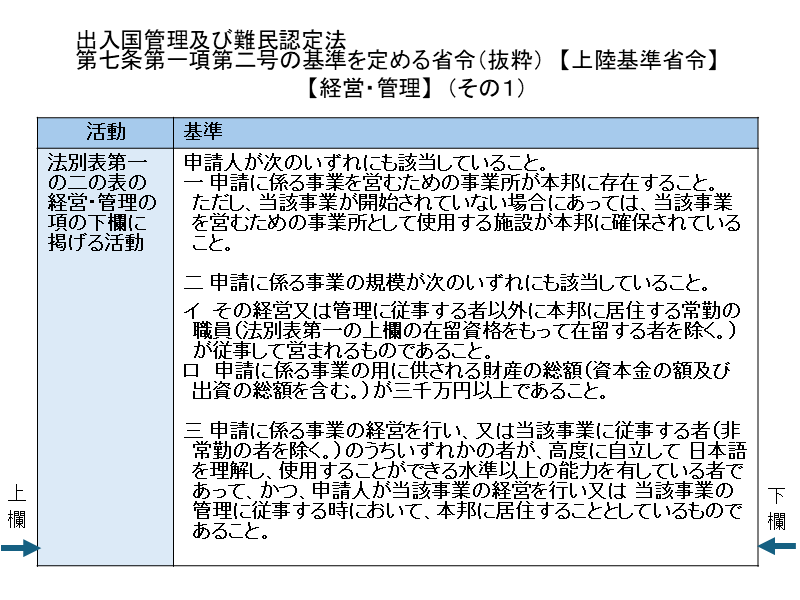 経営・管理の上陸基準省令１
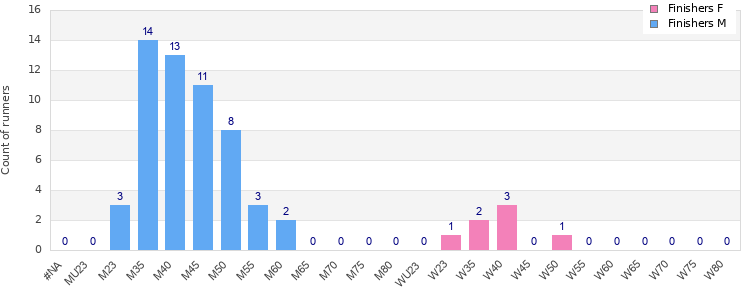 Age group distribution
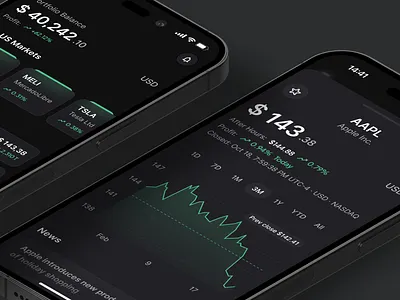 Stock investment App 3d analytics banking broker cart crypto dashboard ethereum finance graph income investments management market mockup payments risk stock wallet wealth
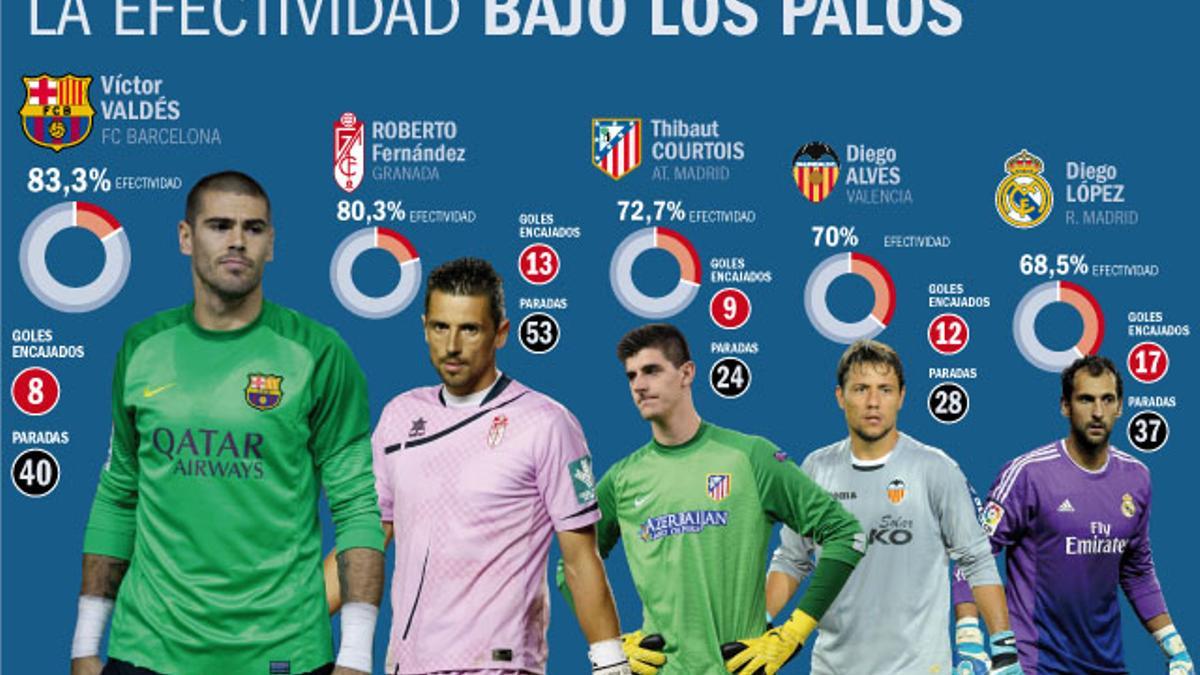 Víctor Valdés es el portero más eficiente de la Liga BBVA.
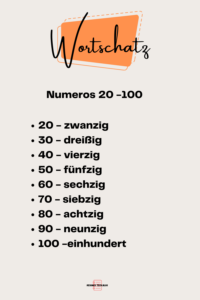 Vocabulário Alemão – Números de 20  a 100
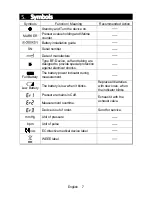 Предварительный просмотр 8 страницы A&D UM-101 Instruction Manual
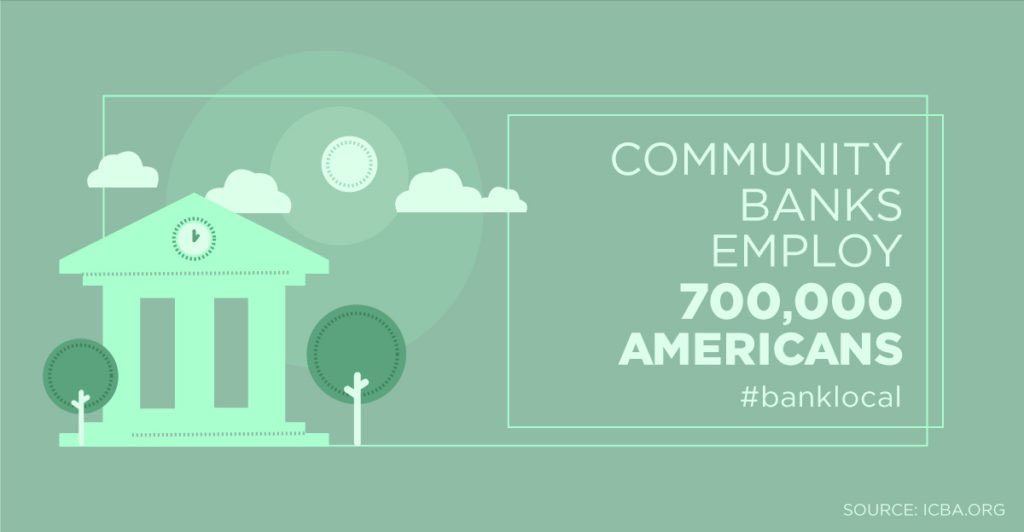 Community Banks across the country provide jobs to more than 700,000 people! 
When you put your trust in a locally owned community bank, you l support the people who work at these great institutions, as well as their families. #banklocal #BankLocally #communitybank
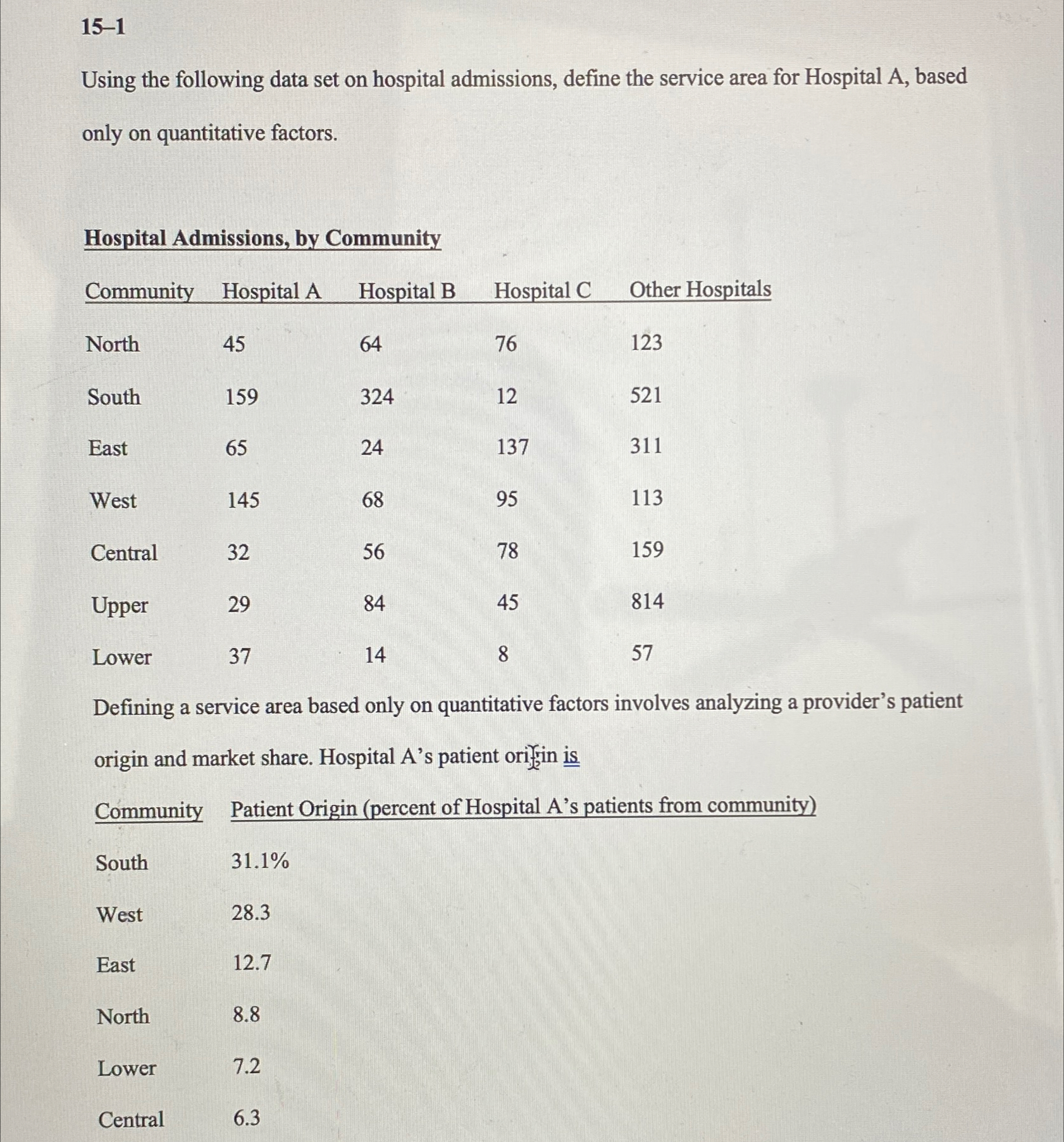  15-1 Using the following data set on hospital admissions, define the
——————
▶ [Task details]:
Write the material above out again exactly as it reads, but don't carry over the pictures.

▶ [Solution to this exercise]:
 経営・管理の上陸基準省令１
 Age group distribution
 Stock investment App 3d analytics banking broker cart crypto dashboard ethereum finance graph income investments management market mockup payments risk stock wallet wealth
 Víctor Valdés es el portero más eficiente de la Liga BBVA.
 Vocabulário Alemão – Números de 20  a 100
 Предварительный просмотр 8 страницы A&D UM-101 Instruction Manual
 Community Banks across the country provide jobs to more than 700,000 people! 
When you put your trust in a locally owned community bank, you l support the people who work at these great institutions, as well as their families. #banklocal #BankLocally #communitybank
  15-1 Using the following data set on hospital admissions, define the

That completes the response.